Carter Young, Oklahoma State (5th seed) Big 12 141

Young’s inclusion is all about pedigree. At this point, we know his Freestyle wins over NCAA Champs Nahshon Garrett and Seth Gross aren’t fully folkstyle transferable.  Regardless, he’s a True Freshman with some fantastic skills.  I am excited to see what he can do in Tulsa.

Joey Zargo, Wisconsin (8th seed) Big 10 141

Every year Freshmen with up and down seasons put it all together in March.  Zargo is young, and in a brutal weight class that only has 7 auto-qualifiers, so he’ll have to have his best weekend to qualify in all likelihood.   


Cory Crooks, Oregon State (4th seed) Pac 12 149 

Like the ACC, the Pac 12 has only 6 teams that wrestle.   Crooks has knocked off some good wrestlers in his day: Jarrett Degen and Manzona Bryant (twice). Being on his former teammate Kyle Parco’s side is no fun, but I could see him out-performing his seed one way or the other.

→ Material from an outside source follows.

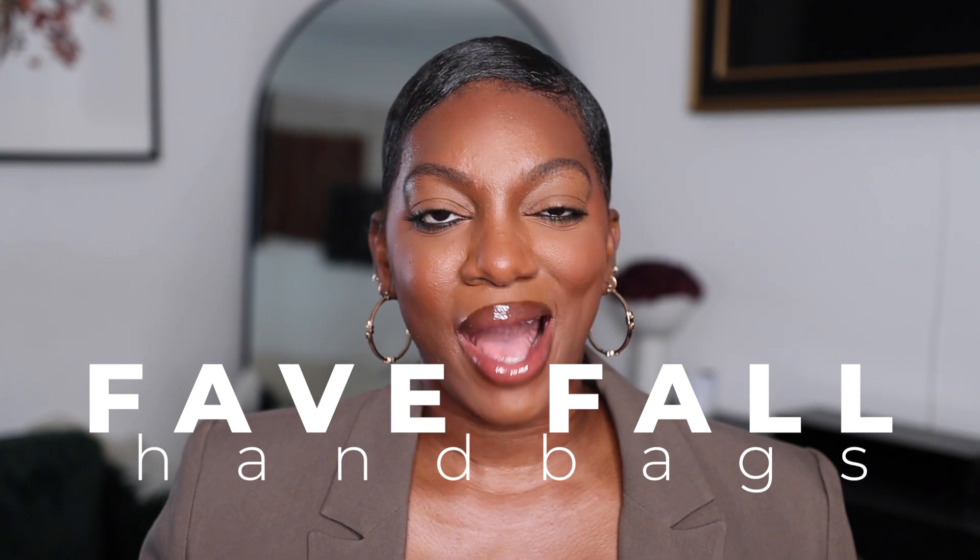Hello, hello, welcome back to my channel. In today's video, I'm going to be going through my fall handbags that I will absolutely be reaching for this season. So let's just get right into it.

Josh Edmond, Missouri (4th seed) Big 12 149

Not sure how much of a sleeper Edmond is or isn’t, but if he can put full matches together he is incredibly dangerous.  

Jarod Verkleeren, UVA (5th seed) ACC 149

You have to remember, there are only 6 teams in the ACC, so the bar is different when considering who the dark horses are.  Verkleeren is an NCAA qualifier whose defense keeps him in a lot of matches.  He gave 2nd seed Bryce Andonian a real test in their dual last month.


Justin Thomas, Oklahoma (6th seed) Big 12 157 

Just a year ago he knocked off All American’s Jacori Teemer and Wyatt Sheets (twice).  We all remember what OU did last year at Big 12’s.  Thomas will need to regain that form in order for OU to make a push. 

Parker Kropman, Drexel (8th seed) EIWA 157 

You never quite know when it’ll happen, but Parker Kropman can pull some upsets.  In his career, he has knocked off Matthew Kolodzik and Kendall Coleman.  Don’t look past him. 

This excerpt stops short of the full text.